For this trip, we rented a classic 2 door Jeep Wrangler (this was before the FJ Cruiser, and this rental provided me with more reasons of why I didn't want a Jeep as my main car). We left on a Friday late morning and reached the starting point of Needles, CA with enough time to set up our tent at a KOA, grab some dinner and go to sleep. Saturday we began the drive, crossed over the Colorado River, and headed west into the Mojave NP, where we visited Fort Piute and Piute Spring, an old army base with many Native American petroglyphs. There was a Jeep meetup going on at the time, which led us to believe that the road was going to be much busier than expected, but it turned out that everyone only went to the main destinations and didn't travel the Old road, which provided for a much more pleasant trip.

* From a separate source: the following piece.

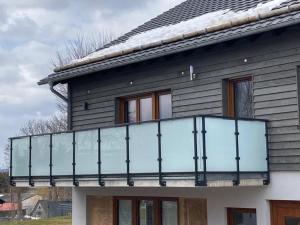 Ferienwohnung-Kroeger-I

From the Fort, we travelled west over an extremely rough and rocky pass, surprised that we didn't get a flat tire. Unfortunately, being our first offroading and backroad navigating experience, we wound up a few miles too far north, and were skirting a gorgeous canyon in Lanfair Valley before reaching a set of rough stadium jumps and sharp terrain, which did give us a flat tire! After swapping out the spare, we turned around, found the right trail, and at the intersection of Lanfair Valley Road, beared south to reach the nearest tire shop, which turned out to be many miles away, on the south side of I-40, in a "town" called Essex. The town was completely run down with the exception of a post office and a mechanics garage that charged a whopping $5 to fix our flat.
A couple hours behind, but back on track, we return to the Old Mojave Road where we left off, and head west to Black Canyon Rd, where we spend a night at Mid Hills Campground after viewing one of the most incredible desert sunsets that I have set my eyes on. Nights got fairly cold here, and the fire was a very welcome addition to the evening.
We awoke on Sunday for an adventure-filled day, starting with a ranger-led tour of the Mitchell Caverns State Natural Preserve, within the Providence Mountains SRA. These are some fun little caverns with well preserved formations, sitting in the middle of the Mojave National Preserve. It is also accessible via paved road from I-40, and thus recommended even if you are just passing through.